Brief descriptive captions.
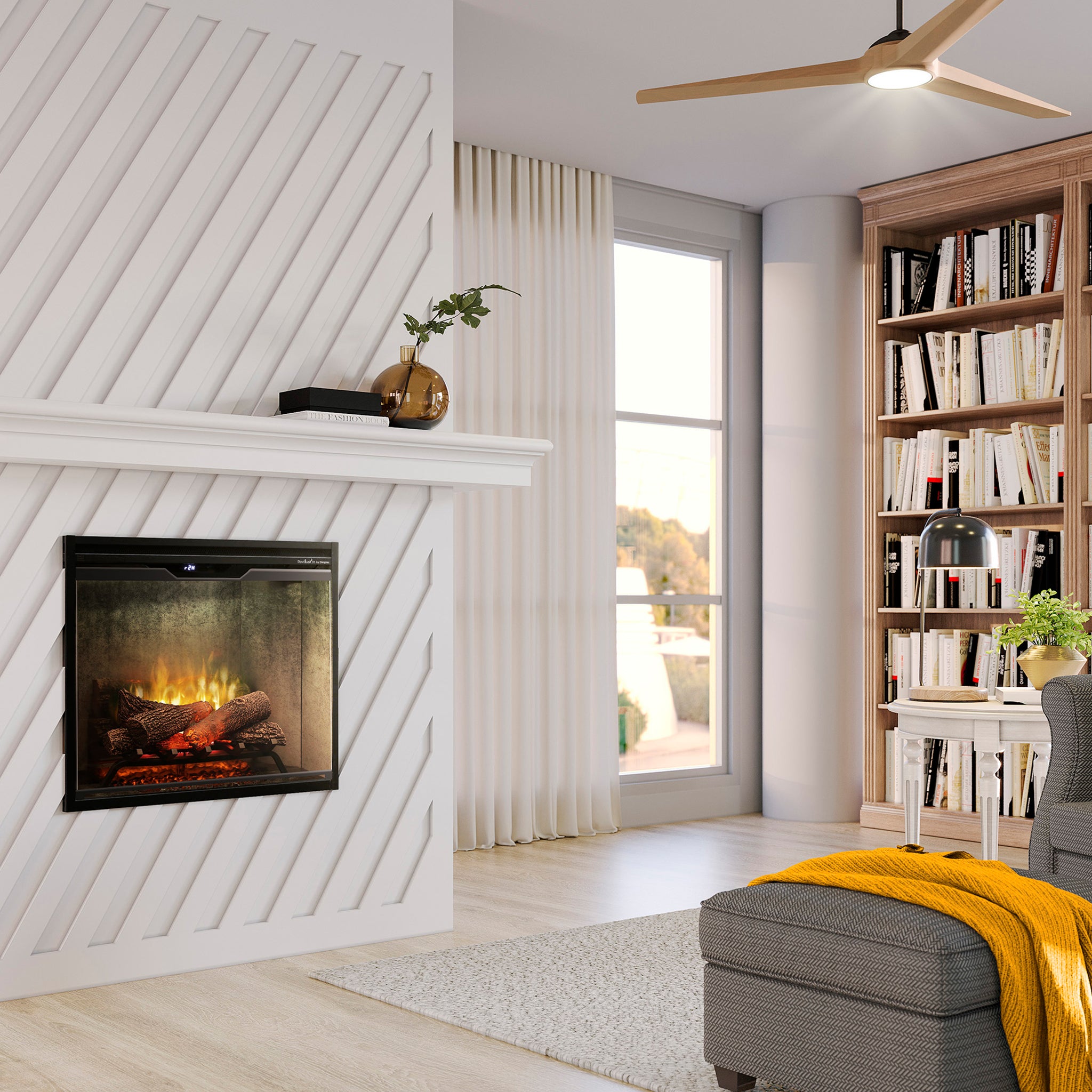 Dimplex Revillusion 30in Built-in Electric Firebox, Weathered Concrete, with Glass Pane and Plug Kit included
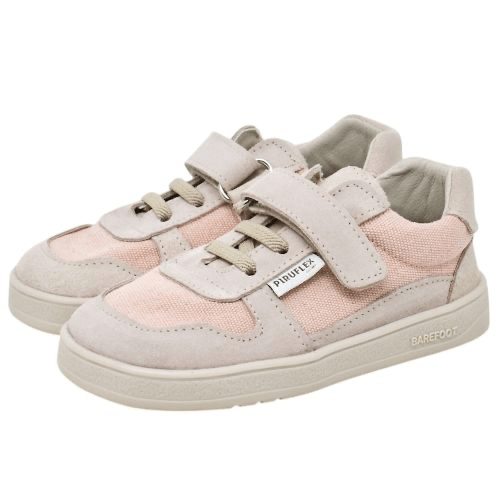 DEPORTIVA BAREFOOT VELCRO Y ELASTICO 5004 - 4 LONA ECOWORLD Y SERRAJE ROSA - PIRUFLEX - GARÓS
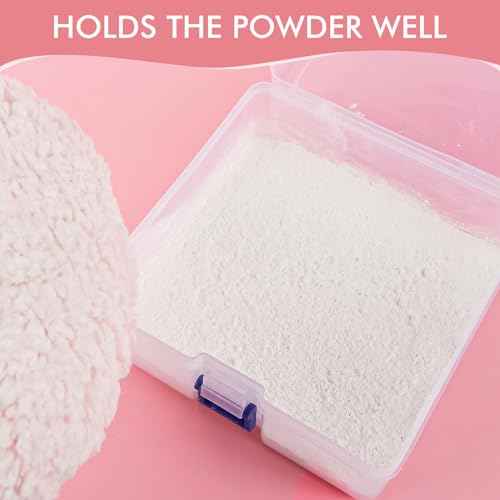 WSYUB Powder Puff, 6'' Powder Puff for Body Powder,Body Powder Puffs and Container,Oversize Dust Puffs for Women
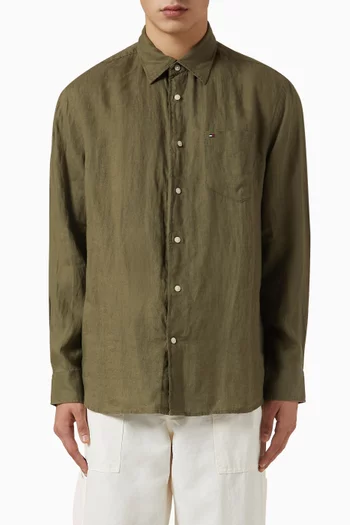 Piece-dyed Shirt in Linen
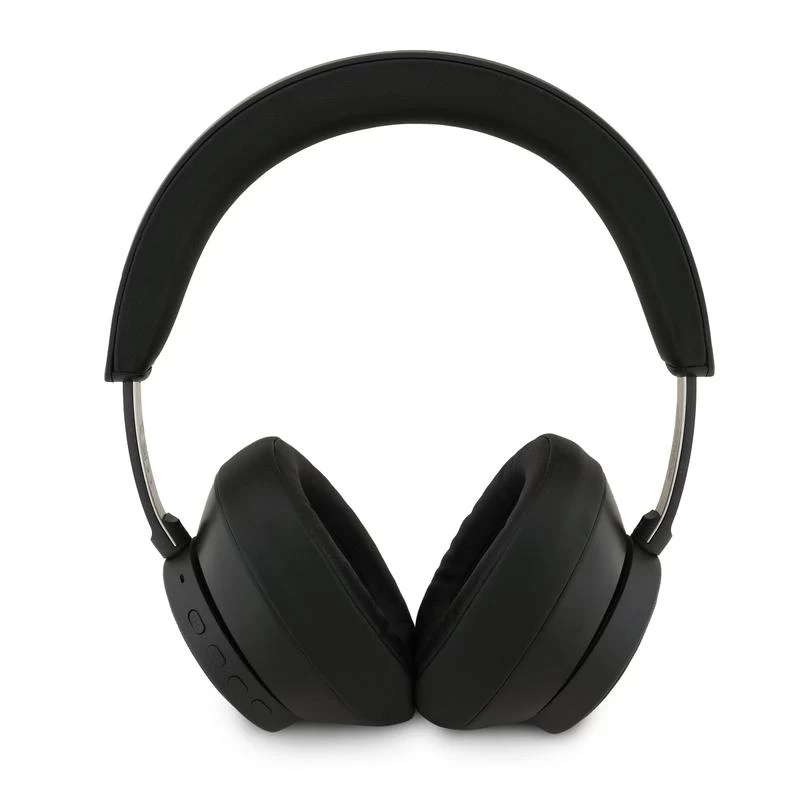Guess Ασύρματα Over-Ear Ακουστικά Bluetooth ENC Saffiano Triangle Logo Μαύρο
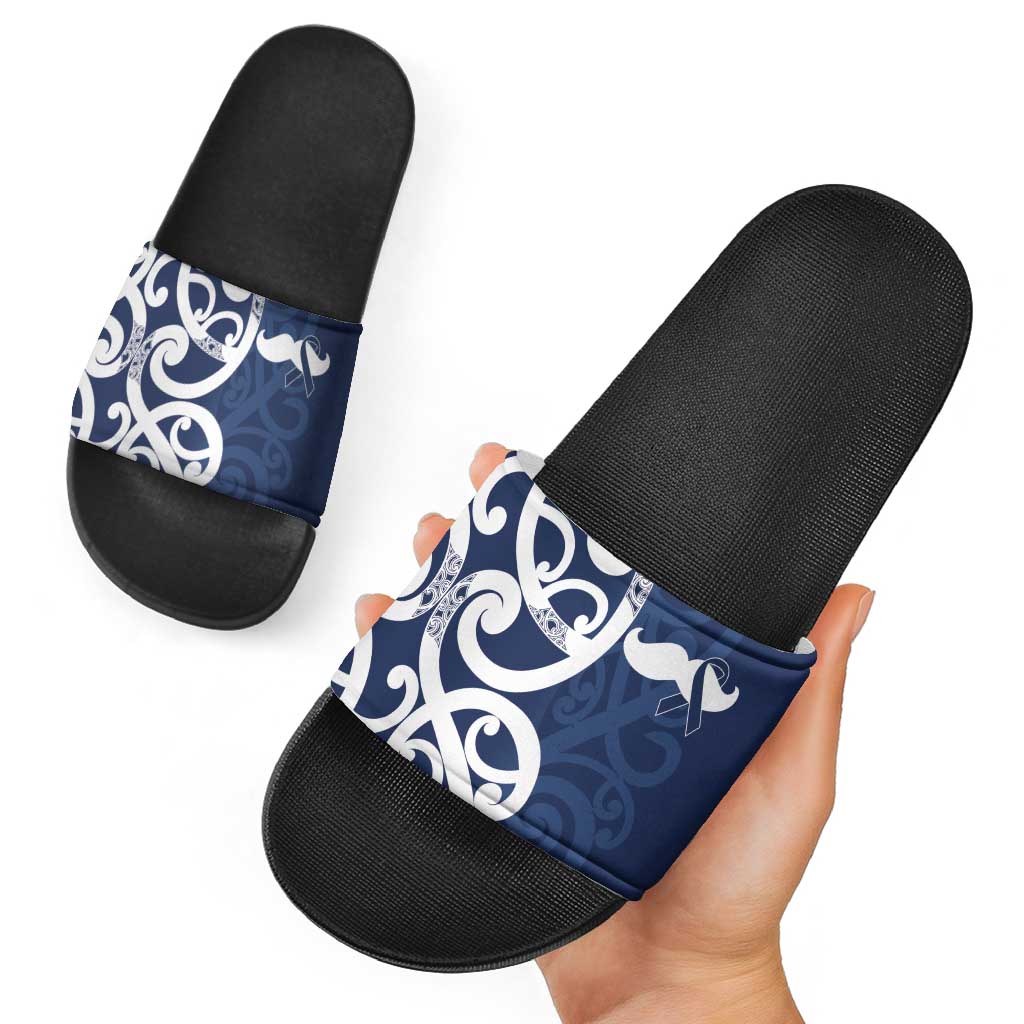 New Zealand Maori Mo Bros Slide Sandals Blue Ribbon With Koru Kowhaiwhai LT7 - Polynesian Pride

TASK INSTRUCTIONS. Exact copy, no pictures: reproduce every record above.

SOLUTION TO THIS PROBLEM.
 Dimplex Revillusion 30in Built-in Electric Firebox, Weathered Concrete, with Glass Pane and Plug Kit included
 DEPORTIVA BAREFOOT VELCRO Y ELASTICO 5004 - 4 LONA ECOWORLD Y SERRAJE ROSA - PIRUFLEX - GARÓS
 WSYUB Powder Puff, 6'' Powder Puff for Body Powder,Body Powder Puffs and Container,Oversize Dust Puffs for Women
 Piece-dyed Shirt in Linen
Guess Ασύρματα Over-Ear Ακουστικά Bluetooth ENC Saffiano Triangle Logo Μαύρο
 New Zealand Maori Mo Bros Slide Sandals Blue Ribbon With Koru Kowhaiwhai LT7 - Polynesian Pride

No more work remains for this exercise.